According to a study published online by the Lancet Global Health Journal, in 2015, there were around 8.8 million people across the world who were visually impaired and approximately 47.7 million people who suffered moderate and severe visual impairment.
For those of us blessed with sight, being on the same page as the visually impaired is very difficult. While braille, the tactile writing system, is of great help, at the same time, it is challenging for a sighted teacher, parent or friend, to teach a non-sighted child to read.
Well, Inklude, a Delhi-based social initiative is all set to bridge the gap between sighted and non-sighted people, by providing a unique method of learning for the latter.
“Children with visual impairment are separated from the mainstream, because there are no books or games, that they can use together with their sighted peers”, says Puneet Arora, the co-founder of Inklude, a brand owned by Chanakya Mudrak Pvt. Ltd based in Delhi. He further explains that non-sighted children need a better learning mechanism, than what they currently have, to learn better.
Children with visual impairments find themselves out of the mainstream, because it is difficult to teach them via regular learning methods.
So, what is the middle ground, and how has Inklude managed to achieve it?
Normal braille, which appears like punched dots on a piece of paper, is quite linear and is unable to convey things like texture, shapes, etc. making it unsuitable for a sighted person to interact with or teach a non-sighted person.
Inklude’s books are integrated with a special embossing technique, which does not disturb the readability of a sighted person, and at the same time, can be used by a visually-impaired person, who can trace the tactile braille using their fingers.
Inklude’s books are designed to be used by non-sighted and sighted people, so the latter can easily teach the former, without relying solely on braille.
Puneet highlights this with an example.
In a particular storybook developed by Inklude, there are multiple characters. Each character has been given a different texture of hair, and whenever these characters appeared, non-sighted children could figure them out by touch. What’s more, the storybook could be read by a sighted person too, since it wasn’t just only braille, but actual text as well. While sighted children found the storybook interesting because of the different colourful characters in the story, the non-sighted children’s interest was ignited thanks to different textures.

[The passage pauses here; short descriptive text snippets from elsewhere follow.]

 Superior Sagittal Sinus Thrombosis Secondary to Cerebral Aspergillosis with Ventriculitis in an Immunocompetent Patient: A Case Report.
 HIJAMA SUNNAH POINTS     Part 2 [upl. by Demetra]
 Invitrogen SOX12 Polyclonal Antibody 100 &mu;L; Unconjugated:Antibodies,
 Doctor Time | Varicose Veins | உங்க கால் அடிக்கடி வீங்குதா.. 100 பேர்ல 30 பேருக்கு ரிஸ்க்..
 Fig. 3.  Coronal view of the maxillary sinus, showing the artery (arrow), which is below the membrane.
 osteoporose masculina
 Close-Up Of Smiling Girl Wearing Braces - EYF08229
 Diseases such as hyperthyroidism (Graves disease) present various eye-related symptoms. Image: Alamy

“The inspiration to do this came from one of my family members, who had gone to a school for the blind in Delhi, to teach visually impaired students. He had come back disappointed, because, he couldn’t understand braille and hence couldn’t make the kids read”, says Puneet, who took his relative’s obstacle, as a challenge.
He then decided to formulate a way in which sighted people could comfortably teach the non-sighted, without requiring the knowledge of braille.

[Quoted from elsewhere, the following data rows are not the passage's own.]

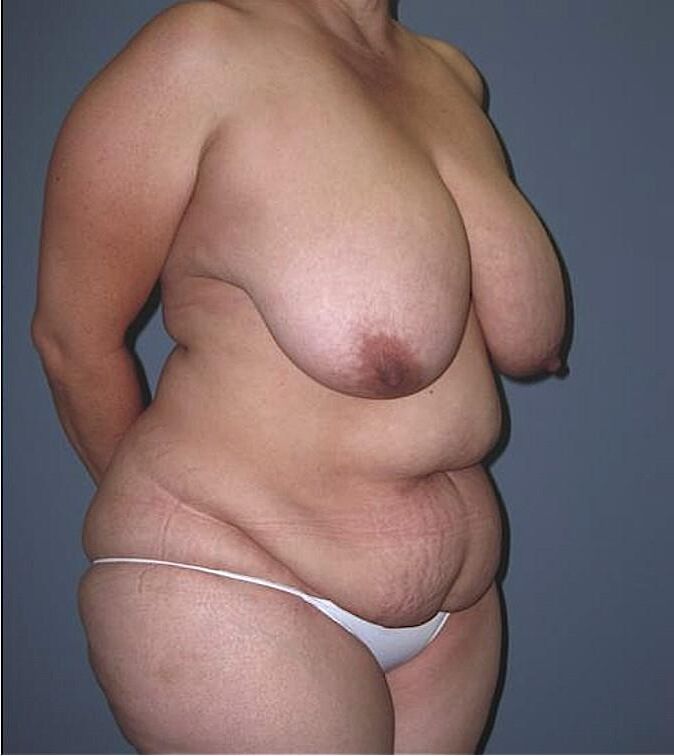 BBW Mix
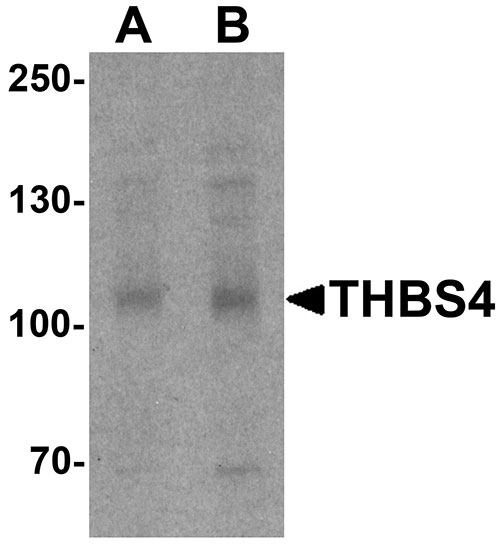 1 - THBS4 Antibody ASC11484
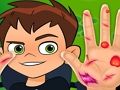 Igra Ben10 Ručni liječnik online Igra Ben10 Ručni liječnik online
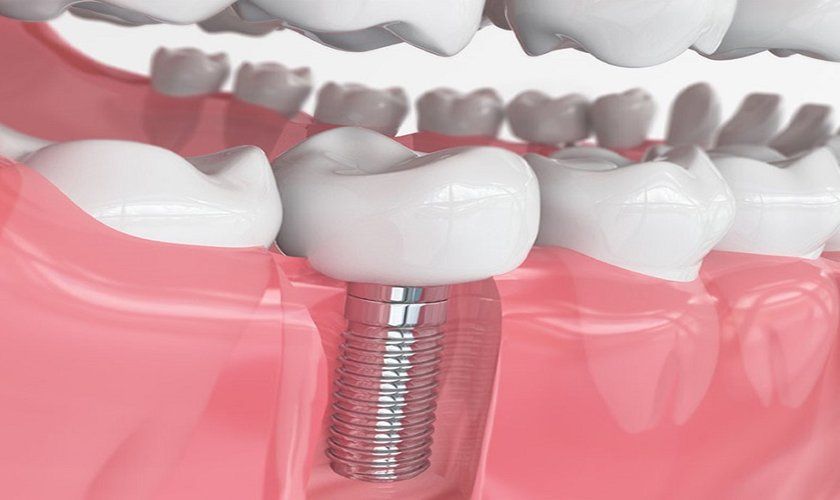 Trồng răng Implant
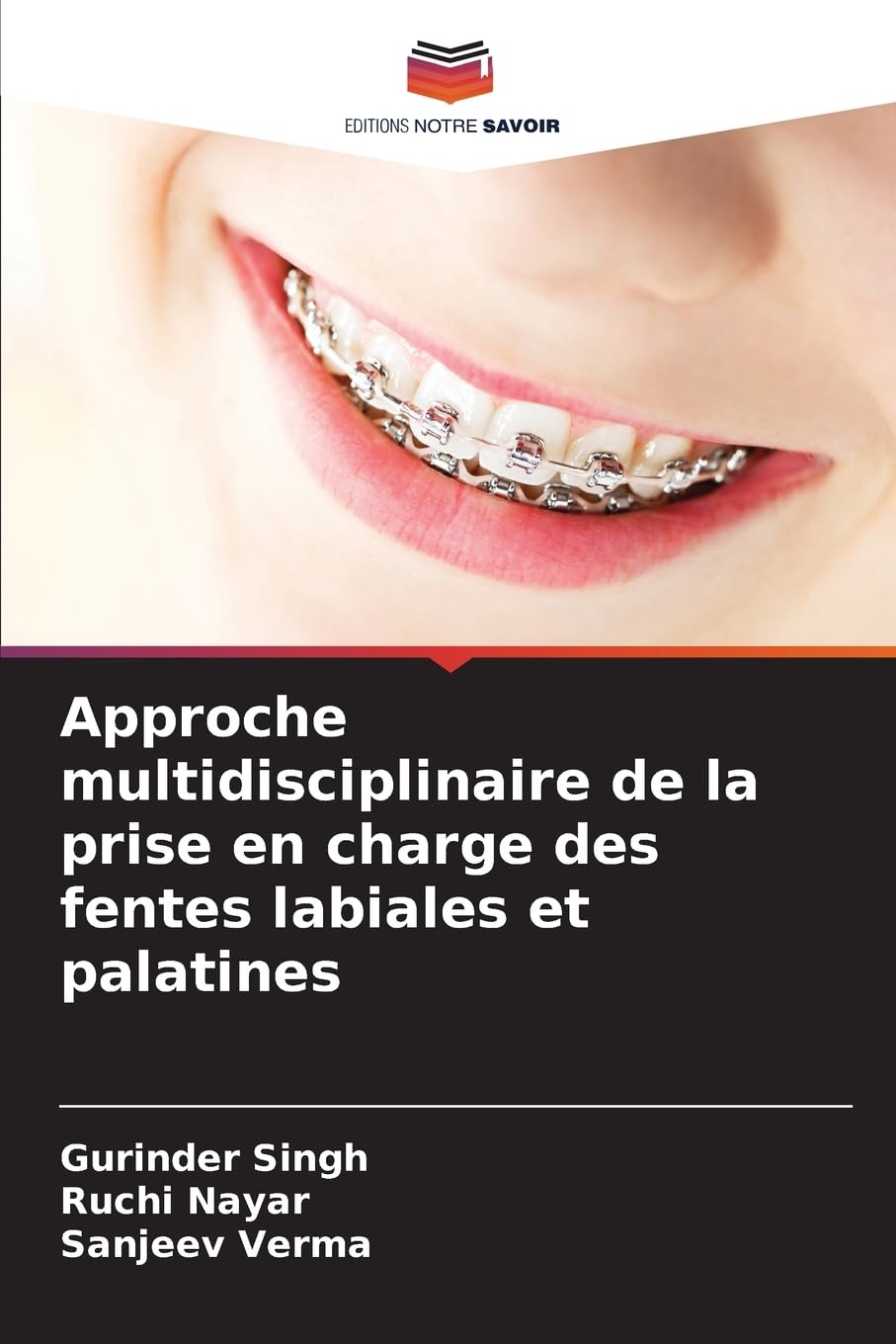 Approche multidisciplinaire de la prise en charge des fentes labiales et palatines Medicine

Thus began a period of extensive research and development in the field, and over the last five years, Inklude has worked on some landmark projects. One of them is the development of NCERT’s inclusive children’s exemplar books, audio-braille accessible menus, tactile alphabet books and many more such inclusive and unique products.
“We aim to be truly inclusive and want to create innovative publication ideas”, says Puneet.
Moving steadily in the direction chosen, Inklude wants to encourage and empower the visually challenged population of our country and the world, and help them lead a life of dignity and productivity. Laying special emphasis on education and skill development, the initiative aims to send every visually challenged child, into a mainstream school.
Another interesting Inklude product is the non-sighted version of the popular board game Snakes and Ladders.
Inklude’s Snakes and Ladders game, is exactly like the original except that this version can also be used by the visually impaired.
Puneet explains that the concept of the game is similar to the original one, and the only difference is that the snakes and ladders are embossed, and the dice also happens to be tactile. The tokens are magnetic, so they don’t fall off the board. Thus you have a classic board game, that can be played by both sighted and non-sighted people, at the same time. What’s more, the game is portable and can be carried in a box.
Interestingly, during the development of the concept for Inklude, Puneet sought the advice of Dr Sam Taraporevala, who is the Associate Professor and Head of the Department of Sociology at St. Xavier’s College, Mumbai, and an advocate for integrating the non-sighted into the mainstream. Dr Taraporevala was thrilled to use Inklude’s products and excited at the prospect of introducing them to other non-sighted and sighted people.